How to Keep your Data Integration Project from Being a Wreck
Your reports are on the struggle bus. Your data is all over the place. Everyone is complaining that they can’t get the reports they need, or spend too much valuable time getting mediocre reports. You and your staff are spending way too much time battling data systems that should be making your life easier instead of harder. Are you fishing around for days just trying to get the right information? Answering 20 questions a day from people who can’t get the data they need? Spending hours (or days, or weeks) cleaning and merging the same data over and over in various spreadsheets?

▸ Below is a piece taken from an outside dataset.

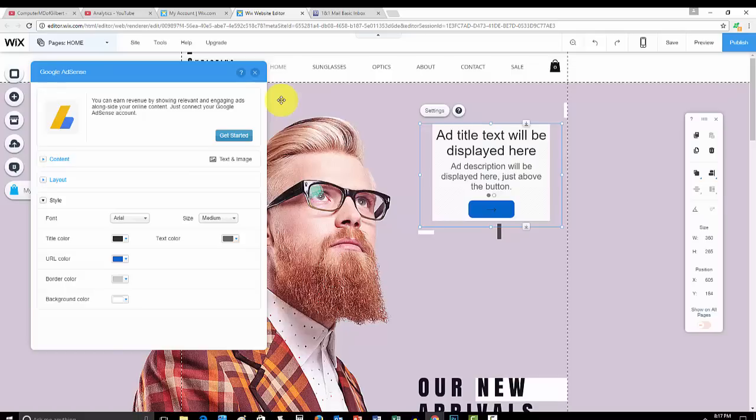Something to increase your chances of getting Google to say yes would be buying a domain. Because if you just have your pre-made default Wix URL—the whatever your username is dot whatever dot Wix dot com—Google doesn't like that.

There are a lot of ways to store and analyze data out there. And there are even more vendors out there who will sell you a system that promises to take care of everything you need. Spreadsheets, vendor systems, custom databases, data lakes, data warehouses. It can be challenging to figure out what you need. Should you put all your data in one place? Try to build a data warehouse? What even IS a data warehouse? You aren’t sure what the best solution is to your data dilemma, and you definitely don’t know how much it will cost.

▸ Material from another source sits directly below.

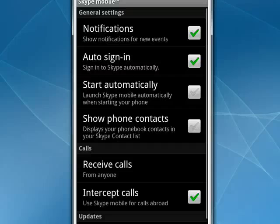So this is a handy way to use Skype from your Android phone, and that's all there is to it.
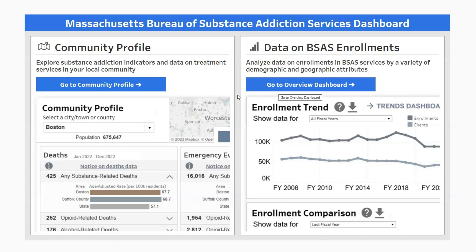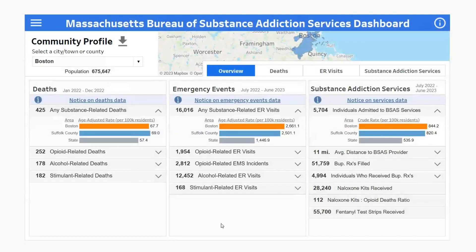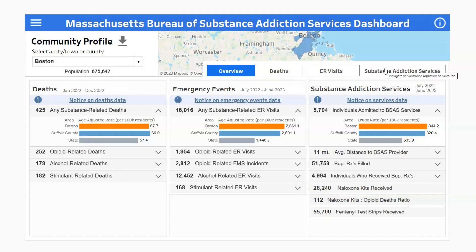We'll first dive into the community profile. On this page, you'll see an initial pop-up message with notes and considerations for interpreting the data, which we recommend all users to read. You'll then land on the community profile's overview tab, which displays a curated set of metrics representing substance addiction impact and services within your selected community. These metrics are organized into three categories: substance-related deaths, emergency events, and substance addiction services. There are also three additional tabs corresponding to these three categories, offering deep-dive insights into each one.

YOU ARE READY TO TACKLE THIS PROBLEM
You know you need a new solution; the patched-together vendor systems and spreadsheets are not working anymore. You have even managed to convince the board (or the Executive Director) through lengthy conversations, PowerPoint presentations, and possibly some cajoling and flattery, that they should carve out a budget for your project.
BUT YOU AREN’T SURE WHERE TO START
You are anxious, and you are getting impatient. The saying “eat the elephant one bite at a time” occurs to you, but right now you feel more like the elephant is standing on your chest. You have to make the best investment for your organization.
You contemplate the right way to use your scarce resources (probably your only opportunity to spend this kind of money) to make sure you and your staff have what you need when it’s all said and done. Do you meet with a bunch of vendors and compare whatever they give you? Do you try to build something in-house? A hybrid approach? You’ve got to get this right, because after you spend it, that budget is gone forever.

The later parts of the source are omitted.